With both Wentz and Lynch unlikely to see the field in their rookie years and having arguably a greater learning curve to overcome than Goff, it is fair to question the thought process behind these deals, particularly in a class filled with elite prospects at other positions near the top.
Philadelphia's move for Wentz saw the likes of San Diego Chargers, Jacksonvlile Jaguars and San Francisco 49ers take top-level defensive talents in the form of Joey Bosa, Jalen Ramsey and DeForest Buckner.
Yet in typically dramatic fashion, the draft delivered a riposte to those who question teams for giving up multiple picks for a quarterback with two slides down the board that are likely to be remembered for some time.
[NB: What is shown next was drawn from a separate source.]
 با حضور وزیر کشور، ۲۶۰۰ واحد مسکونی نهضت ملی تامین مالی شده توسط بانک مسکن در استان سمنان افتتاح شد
Offensive tackle Laremy Tunsil dropped to the Miami Dolphins at 13 after a video of him smoking marijuana through a gas mask was posted on his Twitter page shortly before the start of Thursday's events.
The video was hastily removed, with Tunsil insisting his account had been hacked.
Tunsil will have to go some way to repay the faith shown in him by Miami after that episode but it remains to be seen whether UCLA linebacker Myles Jack will have the chance to prove his point.
Jack remains on the board after round one, with concerns over sketchy medical reports surrounding a knee injury hurting his stock and leaving him looking a forlorn figure in the green room by the end of the first day in Chicago.
Both Tunsil and Jack had been considered potential top-five picks earlier in the draft process and the disappointment endured by the former - previously thought of as a 'safe' pick - hammered home the point that there are very few risk-free selections.
There is no guarantee that Lynch, Wentz or even Goff - despite his polished appearance on and off the field - will thrive in the NFL but, in a league driven by the passing attack, the Broncos, Eagles and Rams will argue that the risk is better off attached to the quarterback position where the reward for having success is far greater than at any other spot on the roster.